今回のバージョンアップの大きな目玉として、夏野氏が発表したのが「ニコニコ広場」だ。これは24時間、常にユーザーに開放されるコミュニティスペースで、数十万人規模のコミュニケーションが実現できるという。配信中の生放送や、運営からのお知らせ情報なども表示される予定で、そこから生放送会場へ移動することもできるらしい。夏野氏は「これまでのネットサービスは個人に向けているのが主。共通体験が減っている。それに対してニコニコ動画は逆へ向かう。多人数がわいわい集まって騒げる場所を提供する」と語り、ニコニコ広場へ並々ならぬ期待を寄せている模様。
また、クラウドメッセージングというコンセプトを掲げた夏野氏。ここでいう"クラウド"とはクラウドコンピューティングの「Cloud(雲)」ということではなく「Crowd(群衆)」の意味で、集団での一体感の共有を目指しているという。
プレミアム会員と一般会員の差別化がはっきりと
このほか、来年の1月からスタートするサービスとして「ニコニ広告」が発表された。これは自分、あるいは他人の動画を宣伝できる機能。動画に付与する検索タグに有料で購入するニコニコポイントを使うことで、検索結果の上位に優先的に表示されるもの。多数のポイントを消費したユーザーは動画の最後に提供者として紹介もされる。
基本機能の強化も挙げられ、プレミアム会員はマイリストの最大登録数が無制限に、動画投稿時のファイルサイズが100MBに拡大し、ビットレートも1Mbpsまで緩和されることが発表された。ポイントを使う機会を増やし、プレミアム会員の一層の差別化を進めることにより、収益を改善するのが狙いなのだろう。会場はプレミアム会員席と一般会員席が分かれていたこともあり、微妙な空気が流れたが、その後に行われた質疑応答で「プレミアム会員の値下げは一切考えていない」とした夏野氏。今回のバージョンアップによってプレミアム会員がどこまで増えるのか。それが今後の焦点だといえる。

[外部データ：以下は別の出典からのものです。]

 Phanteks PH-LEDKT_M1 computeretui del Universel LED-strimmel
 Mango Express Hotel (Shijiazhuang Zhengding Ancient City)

最後に小林社長は「来年度中に単月黒字を実現する」と力強く宣言して終了しただけに、自信のほどはうかがえたが、次の大会議は「前回が5,000万」(小林社長)、「今回はさらにプラス40パーセントアップ」(夏野エバンジェリスト)と、かなり予算を使ってしまったため、いまのところ未定なのだそうだ。頑張れニコニコ動画。
なお、今回発表された「ニコニコ動画(ββ)」の主な機能は12月12日からスタート。公開されるまでの約1週間だけは「ニコニコ動画(冬)」としてサービスを提供する。